About this exercise: Output only the lines below from the one containing "Women's Plus Size" to the one containing "Positionum Juris Lauterbachianarum", exactly as written, both ends kept.

The records:
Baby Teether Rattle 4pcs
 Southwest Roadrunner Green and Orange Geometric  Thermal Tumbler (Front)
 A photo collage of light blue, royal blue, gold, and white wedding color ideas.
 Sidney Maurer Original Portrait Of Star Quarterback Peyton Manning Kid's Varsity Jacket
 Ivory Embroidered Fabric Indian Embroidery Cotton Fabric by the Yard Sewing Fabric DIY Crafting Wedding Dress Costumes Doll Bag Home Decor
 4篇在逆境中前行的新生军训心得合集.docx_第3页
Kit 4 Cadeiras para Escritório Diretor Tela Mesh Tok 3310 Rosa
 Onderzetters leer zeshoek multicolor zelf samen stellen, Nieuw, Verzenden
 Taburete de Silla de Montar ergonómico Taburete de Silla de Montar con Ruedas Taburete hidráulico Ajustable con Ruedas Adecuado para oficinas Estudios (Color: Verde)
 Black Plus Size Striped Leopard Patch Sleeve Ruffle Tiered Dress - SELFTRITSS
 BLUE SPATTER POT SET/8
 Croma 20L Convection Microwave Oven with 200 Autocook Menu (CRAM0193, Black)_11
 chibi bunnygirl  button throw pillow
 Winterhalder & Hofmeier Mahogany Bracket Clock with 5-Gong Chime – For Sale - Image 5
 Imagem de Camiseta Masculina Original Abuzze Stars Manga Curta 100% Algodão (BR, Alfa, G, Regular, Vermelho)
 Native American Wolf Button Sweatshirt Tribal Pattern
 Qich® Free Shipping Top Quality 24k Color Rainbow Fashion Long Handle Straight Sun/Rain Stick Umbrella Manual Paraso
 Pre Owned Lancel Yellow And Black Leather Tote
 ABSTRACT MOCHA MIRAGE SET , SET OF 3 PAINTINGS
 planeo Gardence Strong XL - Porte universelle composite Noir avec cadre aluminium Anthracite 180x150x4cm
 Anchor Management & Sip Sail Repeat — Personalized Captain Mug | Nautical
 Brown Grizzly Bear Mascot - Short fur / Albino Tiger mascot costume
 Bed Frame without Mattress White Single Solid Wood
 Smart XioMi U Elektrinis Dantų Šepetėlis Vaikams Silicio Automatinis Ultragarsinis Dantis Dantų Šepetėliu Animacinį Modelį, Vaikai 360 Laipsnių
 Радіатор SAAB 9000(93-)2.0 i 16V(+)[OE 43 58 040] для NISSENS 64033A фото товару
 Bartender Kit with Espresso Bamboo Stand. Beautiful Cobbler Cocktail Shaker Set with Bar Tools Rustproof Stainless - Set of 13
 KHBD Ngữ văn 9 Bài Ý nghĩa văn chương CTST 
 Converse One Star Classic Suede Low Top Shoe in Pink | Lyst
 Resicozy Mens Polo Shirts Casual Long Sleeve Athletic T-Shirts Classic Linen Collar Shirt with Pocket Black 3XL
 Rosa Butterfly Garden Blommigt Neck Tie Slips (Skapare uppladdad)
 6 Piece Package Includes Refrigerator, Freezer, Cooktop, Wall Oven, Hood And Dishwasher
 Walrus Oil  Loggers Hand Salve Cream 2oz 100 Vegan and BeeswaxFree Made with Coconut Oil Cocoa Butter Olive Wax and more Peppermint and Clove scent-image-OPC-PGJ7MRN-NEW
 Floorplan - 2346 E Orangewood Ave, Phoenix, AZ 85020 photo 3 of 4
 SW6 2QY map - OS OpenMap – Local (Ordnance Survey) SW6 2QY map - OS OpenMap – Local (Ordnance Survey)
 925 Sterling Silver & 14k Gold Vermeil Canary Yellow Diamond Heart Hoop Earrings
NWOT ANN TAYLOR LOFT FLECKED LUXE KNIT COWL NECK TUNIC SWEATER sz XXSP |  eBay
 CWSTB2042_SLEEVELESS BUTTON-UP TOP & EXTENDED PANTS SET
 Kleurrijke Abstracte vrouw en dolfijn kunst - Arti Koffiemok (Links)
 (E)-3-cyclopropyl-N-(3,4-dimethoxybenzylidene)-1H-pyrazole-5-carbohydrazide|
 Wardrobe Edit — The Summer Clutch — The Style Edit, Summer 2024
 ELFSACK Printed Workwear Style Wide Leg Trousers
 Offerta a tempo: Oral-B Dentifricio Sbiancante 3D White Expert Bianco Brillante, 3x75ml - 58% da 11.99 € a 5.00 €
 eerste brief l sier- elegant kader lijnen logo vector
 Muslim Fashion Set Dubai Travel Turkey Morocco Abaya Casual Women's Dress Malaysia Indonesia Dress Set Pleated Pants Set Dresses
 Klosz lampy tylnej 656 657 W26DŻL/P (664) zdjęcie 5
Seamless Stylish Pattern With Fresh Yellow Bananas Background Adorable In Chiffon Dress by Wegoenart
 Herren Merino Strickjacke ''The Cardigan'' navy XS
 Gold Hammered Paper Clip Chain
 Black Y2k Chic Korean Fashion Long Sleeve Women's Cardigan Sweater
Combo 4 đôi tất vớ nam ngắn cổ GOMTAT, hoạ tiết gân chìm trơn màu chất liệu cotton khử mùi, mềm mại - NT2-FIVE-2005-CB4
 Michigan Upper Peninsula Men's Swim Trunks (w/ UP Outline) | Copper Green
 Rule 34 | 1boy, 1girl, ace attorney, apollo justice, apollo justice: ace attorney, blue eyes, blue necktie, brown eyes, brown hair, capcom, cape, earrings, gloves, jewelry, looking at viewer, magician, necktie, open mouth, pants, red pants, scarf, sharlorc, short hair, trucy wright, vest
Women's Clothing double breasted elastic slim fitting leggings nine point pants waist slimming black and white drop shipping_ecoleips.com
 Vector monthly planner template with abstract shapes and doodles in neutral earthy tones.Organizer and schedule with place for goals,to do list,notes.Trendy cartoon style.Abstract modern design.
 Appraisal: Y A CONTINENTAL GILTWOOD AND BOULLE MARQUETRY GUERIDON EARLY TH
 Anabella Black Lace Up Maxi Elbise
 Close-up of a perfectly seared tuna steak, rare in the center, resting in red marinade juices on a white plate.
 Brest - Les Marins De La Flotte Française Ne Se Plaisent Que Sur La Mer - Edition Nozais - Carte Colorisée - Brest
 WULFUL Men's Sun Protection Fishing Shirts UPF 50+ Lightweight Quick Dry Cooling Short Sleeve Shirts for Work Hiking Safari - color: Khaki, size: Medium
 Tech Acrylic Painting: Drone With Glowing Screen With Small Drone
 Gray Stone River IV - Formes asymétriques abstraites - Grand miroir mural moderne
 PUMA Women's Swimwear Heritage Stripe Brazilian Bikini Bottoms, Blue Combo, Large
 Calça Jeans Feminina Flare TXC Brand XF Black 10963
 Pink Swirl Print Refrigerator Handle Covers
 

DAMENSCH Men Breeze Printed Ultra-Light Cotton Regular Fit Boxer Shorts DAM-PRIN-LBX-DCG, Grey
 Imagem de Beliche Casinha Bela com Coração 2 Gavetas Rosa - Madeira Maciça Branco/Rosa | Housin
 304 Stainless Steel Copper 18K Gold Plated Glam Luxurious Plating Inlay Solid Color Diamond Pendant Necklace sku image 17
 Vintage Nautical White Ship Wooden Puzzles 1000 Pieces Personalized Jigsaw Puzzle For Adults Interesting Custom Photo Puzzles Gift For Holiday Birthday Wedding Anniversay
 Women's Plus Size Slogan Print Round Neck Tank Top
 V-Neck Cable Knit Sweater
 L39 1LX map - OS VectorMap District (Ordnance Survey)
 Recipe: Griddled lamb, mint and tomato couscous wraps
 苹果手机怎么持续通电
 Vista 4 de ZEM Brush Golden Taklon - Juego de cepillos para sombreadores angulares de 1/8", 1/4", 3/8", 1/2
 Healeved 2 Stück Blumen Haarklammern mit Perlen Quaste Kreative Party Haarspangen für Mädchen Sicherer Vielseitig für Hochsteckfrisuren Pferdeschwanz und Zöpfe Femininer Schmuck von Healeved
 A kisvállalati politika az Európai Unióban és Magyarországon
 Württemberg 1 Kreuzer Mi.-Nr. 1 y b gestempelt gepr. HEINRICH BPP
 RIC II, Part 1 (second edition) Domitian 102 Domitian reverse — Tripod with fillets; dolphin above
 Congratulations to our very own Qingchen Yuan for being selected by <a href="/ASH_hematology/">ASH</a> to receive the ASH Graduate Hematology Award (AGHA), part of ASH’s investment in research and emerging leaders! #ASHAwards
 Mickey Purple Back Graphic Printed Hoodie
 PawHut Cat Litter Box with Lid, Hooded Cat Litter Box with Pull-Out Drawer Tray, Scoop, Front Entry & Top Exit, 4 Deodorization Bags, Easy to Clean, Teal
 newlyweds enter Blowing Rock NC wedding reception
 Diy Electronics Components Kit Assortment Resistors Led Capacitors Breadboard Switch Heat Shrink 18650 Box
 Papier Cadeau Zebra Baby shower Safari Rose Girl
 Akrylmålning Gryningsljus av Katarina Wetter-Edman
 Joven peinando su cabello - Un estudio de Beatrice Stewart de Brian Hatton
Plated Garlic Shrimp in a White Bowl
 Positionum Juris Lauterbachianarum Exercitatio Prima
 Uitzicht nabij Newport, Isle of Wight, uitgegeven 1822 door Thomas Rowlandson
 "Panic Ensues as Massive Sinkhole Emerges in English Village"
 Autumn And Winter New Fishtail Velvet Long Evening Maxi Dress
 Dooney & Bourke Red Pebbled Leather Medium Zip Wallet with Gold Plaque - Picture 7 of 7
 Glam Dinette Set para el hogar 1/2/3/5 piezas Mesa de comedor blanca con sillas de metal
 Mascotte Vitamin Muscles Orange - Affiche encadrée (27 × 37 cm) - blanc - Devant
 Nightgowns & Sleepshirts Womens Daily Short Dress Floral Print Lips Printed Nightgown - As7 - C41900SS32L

The completed task:
 Women's Plus Size Slogan Print Round Neck Tank Top
 V-Neck Cable Knit Sweater
 L39 1LX map - OS VectorMap District (Ordnance Survey)
 Recipe: Griddled lamb, mint and tomato couscous wraps
 苹果手机怎么持续通电
 Vista 4 de ZEM Brush Golden Taklon - Juego de cepillos para sombreadores angulares de 1/8", 1/4", 3/8", 1/2
 Healeved 2 Stück Blumen Haarklammern mit Perlen Quaste Kreative Party Haarspangen für Mädchen Sicherer Vielseitig für Hochsteckfrisuren Pferdeschwanz und Zöpfe Femininer Schmuck von Healeved
 A kisvállalati politika az Európai Unióban és Magyarországon
 Württemberg 1 Kreuzer Mi.-Nr. 1 y b gestempelt gepr. HEINRICH BPP
 RIC II, Part 1 (second edition) Domitian 102 Domitian reverse — Tripod with fillets; dolphin above
 Congratulations to our very own Qingchen Yuan for being selected by <a href="/ASH_hematology/">ASH</a> to receive the ASH Graduate Hematology Award (AGHA), part of ASH’s investment in research and emerging leaders! #ASHAwards
 Mickey Purple Back Graphic Printed Hoodie
 PawHut Cat Litter Box with Lid, Hooded Cat Litter Box with Pull-Out Drawer Tray, Scoop, Front Entry & Top Exit, 4 Deodorization Bags, Easy to Clean, Teal
 newlyweds enter Blowing Rock NC wedding reception
 Diy Electronics Components Kit Assortment Resistors Led Capacitors Breadboard Switch Heat Shrink 18650 Box
 Papier Cadeau Zebra Baby shower Safari Rose Girl
 Akrylmålning Gryningsljus av Katarina Wetter-Edman
 Joven peinando su cabello - Un estudio de Beatrice Stewart de Brian Hatton
Plated Garlic Shrimp in a White Bowl
 Positionum Juris Lauterbachianarum Exercitatio Prima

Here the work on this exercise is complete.